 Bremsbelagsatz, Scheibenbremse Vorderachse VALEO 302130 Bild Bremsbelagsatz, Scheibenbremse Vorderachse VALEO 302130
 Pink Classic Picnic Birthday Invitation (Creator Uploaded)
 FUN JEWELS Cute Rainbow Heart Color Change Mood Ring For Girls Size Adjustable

---

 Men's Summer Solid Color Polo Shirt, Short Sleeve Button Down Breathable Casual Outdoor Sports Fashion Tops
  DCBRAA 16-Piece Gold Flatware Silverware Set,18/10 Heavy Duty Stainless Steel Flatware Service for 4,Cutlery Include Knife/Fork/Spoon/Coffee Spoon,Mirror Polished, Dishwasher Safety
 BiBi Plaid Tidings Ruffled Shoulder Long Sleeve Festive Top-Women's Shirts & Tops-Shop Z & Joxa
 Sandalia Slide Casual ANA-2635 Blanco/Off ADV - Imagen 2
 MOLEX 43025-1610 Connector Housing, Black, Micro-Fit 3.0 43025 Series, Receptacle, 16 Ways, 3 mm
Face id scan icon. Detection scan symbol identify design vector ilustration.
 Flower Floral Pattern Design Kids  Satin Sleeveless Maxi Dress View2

EXERCISE DIRECTIONS: Using the entries shown above, reproduce verbatim the lines from the line bearing "Bremsbelagsatz, Scheibenbremse Vorderachse VALEO 302130 Bild" to the line bearing "Pink Classic Picnic", inclusive.

ANSWER:
 Bremsbelagsatz, Scheibenbremse Vorderachse VALEO 302130 Bild Bremsbelagsatz, Scheibenbremse Vorderachse VALEO 302130
 Pink Classic Picnic Birthday Invitation (Creator Uploaded)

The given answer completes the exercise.